Multi-GPU Fortran OpenACC and OpenMP

Hello Mat,
Hope you are doing well…
I have a problem where I wish to run two GPUs using OpenACC in Fortran while using OpenMP. Here is my code:

Program TEST
use openacc
use omp_lib
IMPLICIT NONE
INTEGER :: ngpus
integer, value :: devicenum
integer(acc_device_kind), value :: devicetype
integer(acc_device_property):: property
character*(1000) :: string
REAL*8, Allocatable :: A(:,:),B(:,:),C(:,:)
INTEGER :: i,j,n
devicetype = acc_get_device_type()
ngpus = acc_get_num_devices(devicetype)
Write(*,*) 'Number of ACC devices are: ', ngpus
do devicenum=1,ngpus
   property=acc_property_driver
   call acc_get_property_string(devicenum,devicetype,property,string)
   Write(*,*) trim(string)
   property=acc_property_name
   call acc_get_property_string(devicenum,devicetype,property,string)
   Write(*,*) trim(string)
enddo
N=1000
Allocate(A(n,n),B(n,n),C(n,n))
A=0
B=0
C=0
call omp_set_num_threads(2)
!$omp parallel private(i,j)
!$omp sections
!$omp section
call acc_set_device_num(1,acc_device_nvidia)
!$acc data copyout(A)
!$acc parallel loop async
Do i = 1 , n
Do j = 1 , n
A(i,j)=(2*i+3*j)/6
end do
end do
!$acc wait
!$acc end data
!$omp section
call acc_set_device_num(2,acc_device_nvidia)
!$acc data copyout(B)
!$acc parallel loop async
Do i = 1 , n
Do j = 1 , n
B(i,j)=(2*i+3*j)/12
end do
end do
!$acc wait
!$acc end data
!$omp end sections
!$omp end parallel
call acc_set_device_num(1,acc_device_nvidia)
!$acc data copyin(A,B) copyout(C)
!$acc parallel loop
Do i = 1 , n
Do j = 1 , n
C(i,j)= A(i,j) - B(i,j) 
end do
end do
!$acc wait
!$acc end data
WRITE(*,*) C(50,50)
End Program

And I am compiling it with:

!      set ACC_DEVICE_TYPE=nvidia
!  % pgf90 -mp -ta=tesla:cc35,cc50 test2.f90 -Minfo=all

There problem is, it appears that I have no idea how to use OpenMP in Fortran. I am using the omp parallel and sections, however, what I get is that the parts where I wish for array [A] to be solved on GPU1 and array to be solved on GPU2 …end up all being solved on GPU2…
I have checked that is no parallelism through PGPROF:
https://www.photobox.co.uk/my/photo/full?photo_id=501190025887
https://www.photobox.co.uk/my/photo/full?photo_id=501190025121
I wish to calculate both [A] and at the same time, each on a different GPU. Kindly give me an idea where I went wrong…
Thank you.
Ahmed

Hi Ahmed,

I couldn’t view your screen shots but was able to run and profile your code. It’s working as expected but because the device initialization time for the seconds GPU is longer than the first kernel’s compute time, it makes it so they aren’t running concurrently.

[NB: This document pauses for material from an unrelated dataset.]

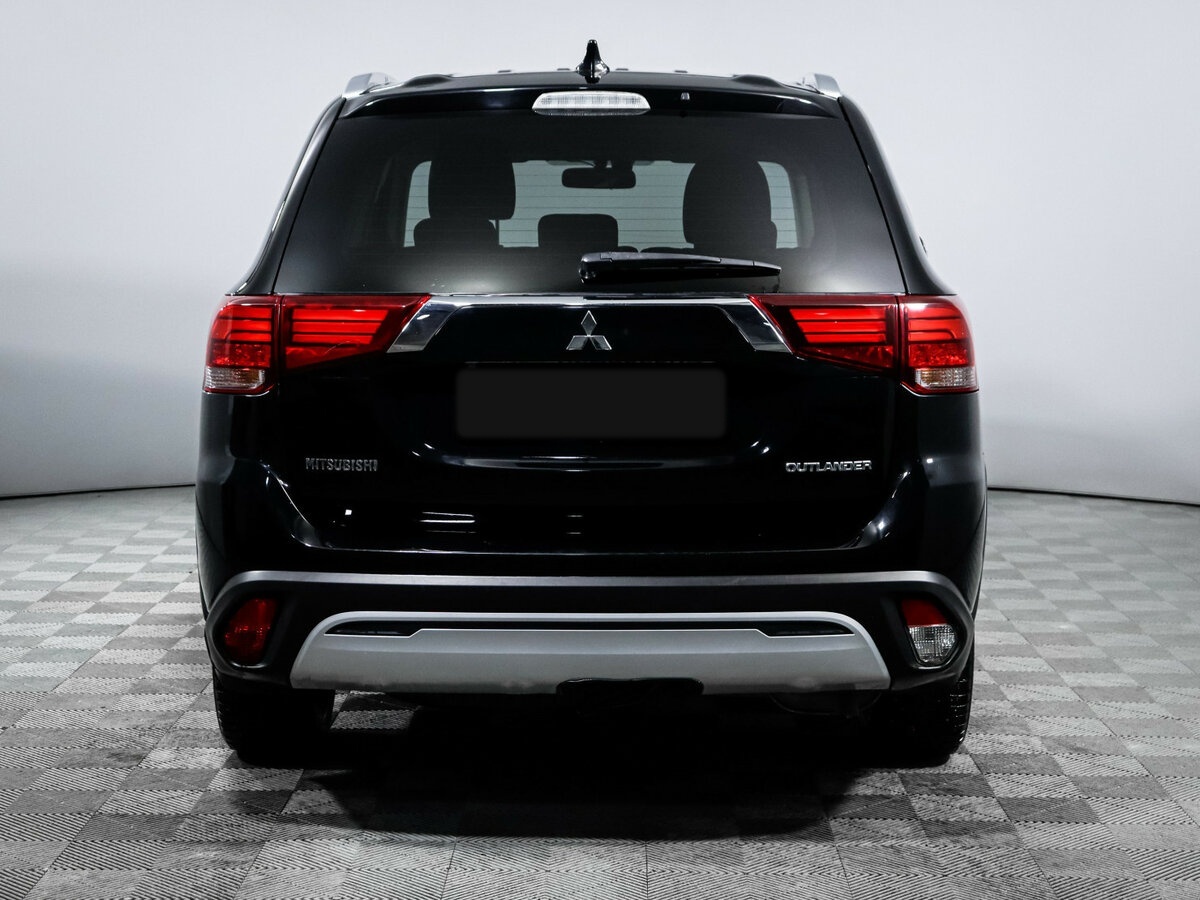 Mitsubishi Outlander с пробегом — 2019 год. Фото: #5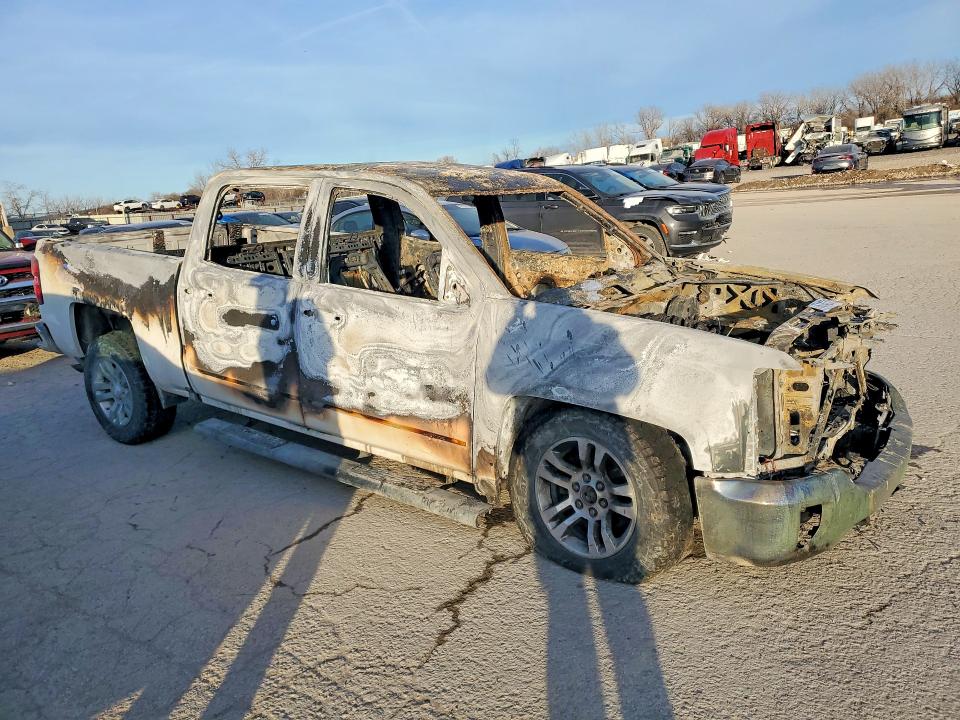 Photo 4 from auction – 2016 CHEVROLET SILVERADO with VIN 3GCUKREC4GG313481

To fix, add the device initialization before you enter the compute loop. i.e. something like:

 do devicenum=1,ngpus
   property=acc_property_driver
   call acc_get_property_string(devicenum,devicetype,property,string)
   Write(*,*) trim(string)
   property=acc_property_name
   call acc_get_property_string(devicenum,devicetype,property,string)
   Write(*,*) trim(string)
   call acc_set_device_num(devicenum,acc_device_nvidia)
enddo

Also, using OpenMP isn’t really necessary. You can use pure OpenACC. For example:

Program TEST
use openacc
use omp_lib
IMPLICIT NONE
INTEGER :: ngpus
integer, value :: devicenum
integer(acc_device_kind), value :: devicetype
integer(acc_device_property):: property
character*(1000) :: string
REAL*8, Allocatable :: A(:,:),B(:,:),C(:,:)
INTEGER :: i,j,n
devicetype = acc_get_device_type()
ngpus = acc_get_num_devices(devicetype)
Write(*,*) 'Number of ACC devices are: ', ngpus
ngpus=2
do devicenum=1,ngpus
   property=acc_property_driver
   call acc_get_property_string(devicenum,devicetype,property,string)
   Write(*,*) trim(string)
   property=acc_property_name
   call acc_get_property_string(devicenum,devicetype,property,string)
   Write(*,*) trim(string)
   call acc_set_device_num(devicenum,acc_device_nvidia)
enddo
N=10000
Allocate(A(n,n),B(n,n),C(n,n))
call acc_set_device_num(1,acc_device_nvidia)
!$acc enter data create(A,C) async
!$acc parallel loop present(A) async
Do i = 1 , n
Do j = 1 , n
A(i,j)=(2*i+3*j)/6
end do
end do

call acc_set_device_num(2,acc_device_nvidia)
!$acc enter data create(B) async
!$acc parallel loop present(B) async
Do i = 1 , n
Do j = 1 , n
B(i,j)=(2*i+3*j)/12
end do
end do
!$acc wait
!$acc exit data copyout(B)
call acc_set_device_num(1,acc_device_nvidia)
!$acc enter data copyin(B)
!$acc parallel loop present(A,B,C)
Do i = 1 , n
Do j = 1 , n
C(i,j)= A(i,j) - B(i,j)
end do
end do
!$acc exit data copyout(C) delete(A,B)
WRITE(*,*) C(50,50)
End Program

Hope this helps,
Mat

Thank you so much!
This is perfect.
Ahmed :D